Abstract
Background Human tuberculosis (TB) is caused by seven phylogenetic lineages of the Mycobacterium tuberculosis complex (MTBC), Lineage 1–7. Recent advances in rapid genotyping of MTBC based on single nucleotide polymorphisms (SNP), allow for rapid and phylogenetically robust strain classification, paving the way for defining genotype-phenotype relationships in clinical settings. Such studies have revealed that, in addition to host and environmental factors, different strains of the MTBC influence the outcome of TB infection and disease. In Tanzania, such molecular epidemiological studies of TB however are scarce in spite of a high TB burden.

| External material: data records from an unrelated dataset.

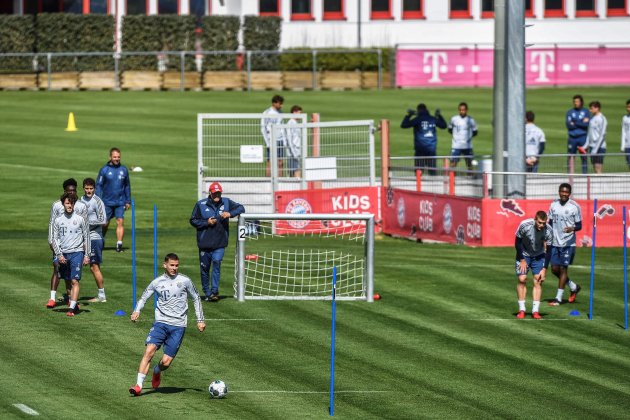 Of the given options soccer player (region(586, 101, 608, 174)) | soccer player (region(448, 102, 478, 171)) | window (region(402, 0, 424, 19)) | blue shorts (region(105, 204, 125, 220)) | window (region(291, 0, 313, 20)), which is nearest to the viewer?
blue shorts (region(105, 204, 125, 220))

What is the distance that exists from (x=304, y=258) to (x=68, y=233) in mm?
8035

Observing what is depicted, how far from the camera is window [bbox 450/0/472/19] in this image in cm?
7144

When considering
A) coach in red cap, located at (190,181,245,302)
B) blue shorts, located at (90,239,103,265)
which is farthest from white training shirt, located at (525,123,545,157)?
blue shorts, located at (90,239,103,265)

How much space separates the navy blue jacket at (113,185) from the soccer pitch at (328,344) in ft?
4.05

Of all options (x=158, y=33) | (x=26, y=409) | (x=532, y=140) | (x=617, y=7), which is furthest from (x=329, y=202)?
(x=617, y=7)

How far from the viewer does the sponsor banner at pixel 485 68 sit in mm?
63312

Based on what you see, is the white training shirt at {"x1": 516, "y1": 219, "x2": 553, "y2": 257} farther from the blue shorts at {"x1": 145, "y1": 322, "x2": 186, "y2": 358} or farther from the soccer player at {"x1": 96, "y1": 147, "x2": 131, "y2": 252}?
the soccer player at {"x1": 96, "y1": 147, "x2": 131, "y2": 252}

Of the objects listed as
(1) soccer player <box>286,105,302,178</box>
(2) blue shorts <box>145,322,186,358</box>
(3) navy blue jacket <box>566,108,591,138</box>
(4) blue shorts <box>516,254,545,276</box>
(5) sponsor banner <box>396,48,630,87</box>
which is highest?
(5) sponsor banner <box>396,48,630,87</box>

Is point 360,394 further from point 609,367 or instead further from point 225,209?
point 225,209

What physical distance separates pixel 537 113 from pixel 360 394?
36.9 metres

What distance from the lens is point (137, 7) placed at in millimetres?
70188

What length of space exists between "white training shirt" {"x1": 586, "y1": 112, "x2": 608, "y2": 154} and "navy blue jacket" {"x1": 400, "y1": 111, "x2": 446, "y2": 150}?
13.1 feet

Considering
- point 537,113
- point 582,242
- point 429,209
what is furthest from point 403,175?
point 537,113

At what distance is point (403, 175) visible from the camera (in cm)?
3591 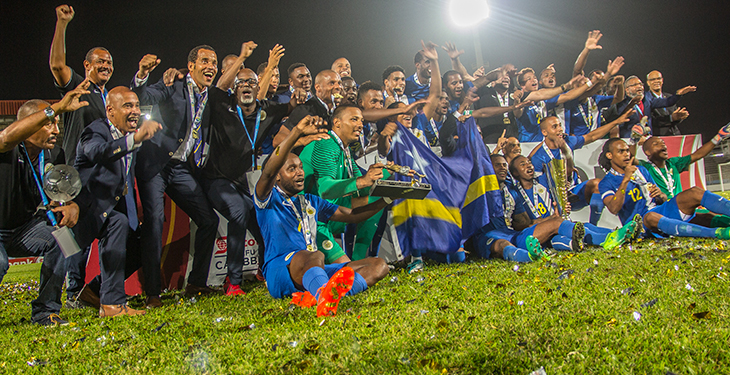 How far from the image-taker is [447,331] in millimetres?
2305

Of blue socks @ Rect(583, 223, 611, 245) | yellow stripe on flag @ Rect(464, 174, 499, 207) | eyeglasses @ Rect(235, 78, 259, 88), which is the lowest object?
blue socks @ Rect(583, 223, 611, 245)

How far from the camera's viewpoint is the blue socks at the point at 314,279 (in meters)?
3.18

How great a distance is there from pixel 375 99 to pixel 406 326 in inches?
174

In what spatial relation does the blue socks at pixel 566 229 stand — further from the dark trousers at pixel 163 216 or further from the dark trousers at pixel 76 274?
the dark trousers at pixel 76 274

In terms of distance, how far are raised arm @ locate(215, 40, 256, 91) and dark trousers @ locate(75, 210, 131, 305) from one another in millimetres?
2159

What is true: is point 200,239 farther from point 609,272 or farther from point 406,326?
point 609,272

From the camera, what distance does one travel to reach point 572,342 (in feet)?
6.57

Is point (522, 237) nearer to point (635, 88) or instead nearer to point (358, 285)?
point (358, 285)

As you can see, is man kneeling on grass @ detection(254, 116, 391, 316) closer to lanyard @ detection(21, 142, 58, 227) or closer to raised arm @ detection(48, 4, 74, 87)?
lanyard @ detection(21, 142, 58, 227)

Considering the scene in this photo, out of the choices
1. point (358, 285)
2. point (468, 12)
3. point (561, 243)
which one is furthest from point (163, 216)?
point (468, 12)

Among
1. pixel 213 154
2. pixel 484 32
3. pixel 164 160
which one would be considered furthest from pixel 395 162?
pixel 484 32

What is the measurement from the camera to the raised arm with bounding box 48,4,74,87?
4.40 m

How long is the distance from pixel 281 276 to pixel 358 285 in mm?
707

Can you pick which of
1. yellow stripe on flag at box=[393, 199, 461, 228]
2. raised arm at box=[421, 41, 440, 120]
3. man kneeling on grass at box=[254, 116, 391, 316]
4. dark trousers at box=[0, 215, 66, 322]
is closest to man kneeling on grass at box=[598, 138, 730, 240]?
yellow stripe on flag at box=[393, 199, 461, 228] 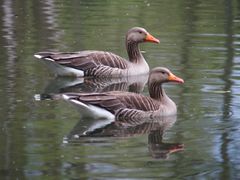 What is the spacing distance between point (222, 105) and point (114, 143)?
279cm

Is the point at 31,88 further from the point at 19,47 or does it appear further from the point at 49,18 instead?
the point at 49,18

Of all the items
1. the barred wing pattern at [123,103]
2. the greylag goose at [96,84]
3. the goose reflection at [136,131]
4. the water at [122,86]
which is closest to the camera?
the water at [122,86]

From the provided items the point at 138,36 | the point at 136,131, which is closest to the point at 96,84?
the point at 138,36

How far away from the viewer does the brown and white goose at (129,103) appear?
41.4ft

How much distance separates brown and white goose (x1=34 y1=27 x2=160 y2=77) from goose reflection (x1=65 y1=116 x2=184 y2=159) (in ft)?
12.9

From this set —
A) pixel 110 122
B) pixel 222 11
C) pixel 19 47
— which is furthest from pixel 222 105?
pixel 222 11

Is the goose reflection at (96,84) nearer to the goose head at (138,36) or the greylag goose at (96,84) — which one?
the greylag goose at (96,84)

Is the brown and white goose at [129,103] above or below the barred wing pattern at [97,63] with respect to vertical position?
above

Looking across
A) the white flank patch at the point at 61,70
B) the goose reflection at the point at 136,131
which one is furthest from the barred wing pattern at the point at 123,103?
the white flank patch at the point at 61,70

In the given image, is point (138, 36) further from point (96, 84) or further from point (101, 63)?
point (96, 84)

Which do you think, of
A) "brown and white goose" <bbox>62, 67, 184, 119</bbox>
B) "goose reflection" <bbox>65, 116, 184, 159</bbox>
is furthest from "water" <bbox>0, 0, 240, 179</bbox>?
"brown and white goose" <bbox>62, 67, 184, 119</bbox>

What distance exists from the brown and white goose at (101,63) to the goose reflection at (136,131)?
3926 mm

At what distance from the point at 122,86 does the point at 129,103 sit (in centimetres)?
318

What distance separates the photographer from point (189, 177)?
9.97 metres
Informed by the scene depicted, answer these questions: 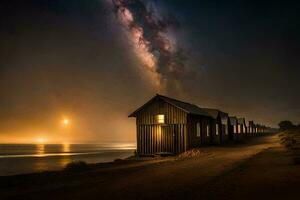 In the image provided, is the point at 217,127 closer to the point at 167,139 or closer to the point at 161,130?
the point at 167,139

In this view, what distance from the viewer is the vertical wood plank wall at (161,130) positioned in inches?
1358

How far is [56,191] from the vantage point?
13.3 meters

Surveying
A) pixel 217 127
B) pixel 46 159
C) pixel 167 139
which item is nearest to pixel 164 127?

Methods and Findings Here we used a SNP-typing method to genotype a nationwide collection of 2,039 MTBC clinical isolates obtained from new and retreatment TB cases diagnosed in 2012 and 2013. Four lineages, namely Lineage 1–4 were identified. The distribution and frequency of these lineages varied across the regions but overall, Lineage 4 was the most frequent (n=866, 42.5%), followed by Lineage 3 (n=681, 33.4%) and 1 (n=336, 16.5%), with Lineage 2 being the least frequent (n=92, 4.5%). A total of 64 (3.1%) isolates could not be assigned to any lineage. We found Lineage 2 to be associated with female sex (adjusted odds ratio [aOR] 2.25; 95% confidence interval [95% CI] 1.38 – 3.70, p<0.001) and retreatment (aOR 1.78; 95% CI 1.00 – 3.02, p=0.040). We found no associations between MTBC lineage and patient age or HIV status. Our sublineage typing based on spacer oligotyping revealed the presence of mainly EAI, CAS and LAM families. Finally, we detected low levels of multidrug resistant isolates among a subset of retreatment cases
Conclusions This study provides novel insights into the influence of pathogen-related factors on the TB epidemic in Tanzania.
Introduction
Tuberculosis (TB) is the leading cause of mortality due to an infectious disease [1]. In 2017, an estimated 10.0 million people developed TB globally, with 1.3 million dying of the disease. More than 80% of the TB burden lies in the thirty high burden countries [1]. Tanzania is among these countries, with a national average TB notification rate of 129 cases per 100,000; however, some regions show higher notification rates [2]. Like in most sub- Saharan African countries, the HIV epidemic contributes to the high TB incidence in Tanzania, where a-third of the TB patients are co-infected with HIV [2]. Contrarily, drug resistant-TB is still low in this setting [3]. Other risk factors such poverty also influence the epidemiology of TB in Tanzania [4].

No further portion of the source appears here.